# Roamio Remote Played Sounds



## dkraft (Dec 20, 2004)

I was working on my Roamio changing cable connections. I started hearing this musical sound. I thought I've never heard that sound from my iPhone before. Finally I figured out it was the Roamio remote playing some kind of musical tones. What is that sound for and how did it start playing? I've had Tivo for years and never heard a remote make a sound. It played until I touched a key.


----------



## Smirks (Oct 7, 2002)

That's the "lost remote" feature. Maybe you accidentally pressed "remote" button on the front of the Roamio?


----------



## dkraft (Dec 20, 2004)

Smirks said:


> That's the "lost remote" feature. Maybe you accidentally pressed "remote" button on the front of the Roamio?


Thanks. Didn't even know Tivo had that feature.


----------



## Smirks (Oct 7, 2002)

dkraft said:


> Thanks.
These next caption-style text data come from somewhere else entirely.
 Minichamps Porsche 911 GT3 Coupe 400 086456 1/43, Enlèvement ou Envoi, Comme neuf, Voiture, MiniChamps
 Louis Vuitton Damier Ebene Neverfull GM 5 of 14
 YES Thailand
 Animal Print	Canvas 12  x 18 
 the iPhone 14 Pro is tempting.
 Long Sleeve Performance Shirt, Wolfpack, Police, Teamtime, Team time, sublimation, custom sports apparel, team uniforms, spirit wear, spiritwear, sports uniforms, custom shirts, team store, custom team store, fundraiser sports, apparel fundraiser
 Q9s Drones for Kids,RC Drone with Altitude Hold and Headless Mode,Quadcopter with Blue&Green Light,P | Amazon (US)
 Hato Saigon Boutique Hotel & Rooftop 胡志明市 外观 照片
Didn't even know Tivo had that feature.


Took me by surprise the first time I accidentally hit it too!


----------



## Leon WIlkinson (Feb 13, 2000)

How far can that remote finder work from? like from one side of a house to the other end down a floor.


----------



## Devx (Jun 1, 2006)

Leon WIlkinson said:


> How far can that remote finder work from? like from one side of a house to the other end down a floor.


It should be limited by the RF range which is 30-40 ft based on the posts I've seen. I've personally used it up to about 30 ft with no problem.


----------